**WORKING DATA:**
--- START ---

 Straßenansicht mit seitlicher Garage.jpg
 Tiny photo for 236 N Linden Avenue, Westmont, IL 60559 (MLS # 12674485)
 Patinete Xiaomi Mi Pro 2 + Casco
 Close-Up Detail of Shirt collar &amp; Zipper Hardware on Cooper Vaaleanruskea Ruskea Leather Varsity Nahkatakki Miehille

--- END ---
--- START ---

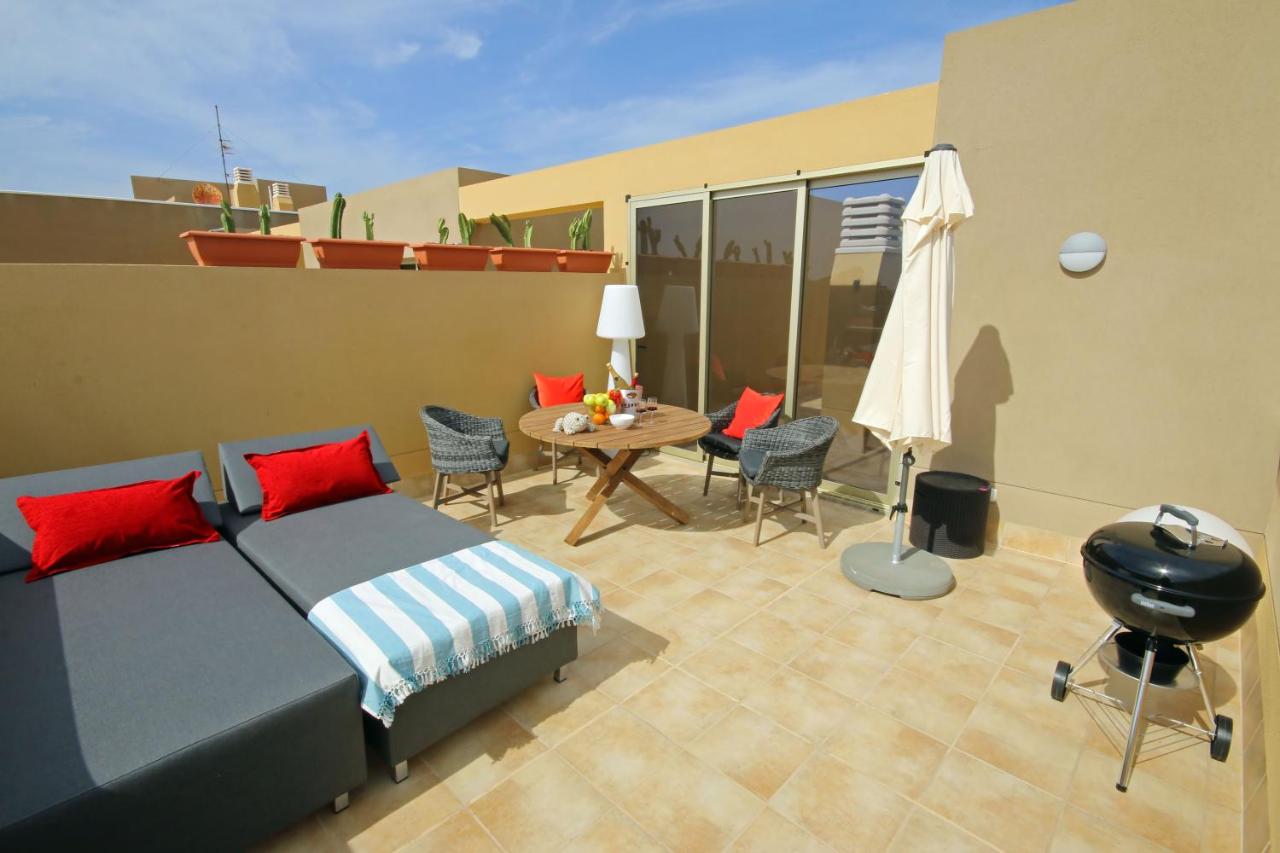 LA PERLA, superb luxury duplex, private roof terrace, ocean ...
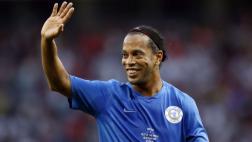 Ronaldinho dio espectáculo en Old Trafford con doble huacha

--- END ---
--- START ---

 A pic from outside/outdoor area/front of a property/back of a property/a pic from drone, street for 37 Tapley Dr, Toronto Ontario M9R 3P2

--- END ---

**WORK REQUIRED:** Output exactly the lines of the material above from the one containing "Patinete Xiaomi Mi Pro 2 + Casco" up to and including the one containing "Close-Up Detail of".

**YOUR SOLUTION:**
 Patinete Xiaomi Mi Pro 2 + Casco
 Close-Up Detail of Shirt collar &amp; Zipper Hardware on Cooper Vaaleanruskea Ruskea Leather Varsity Nahkatakki Miehille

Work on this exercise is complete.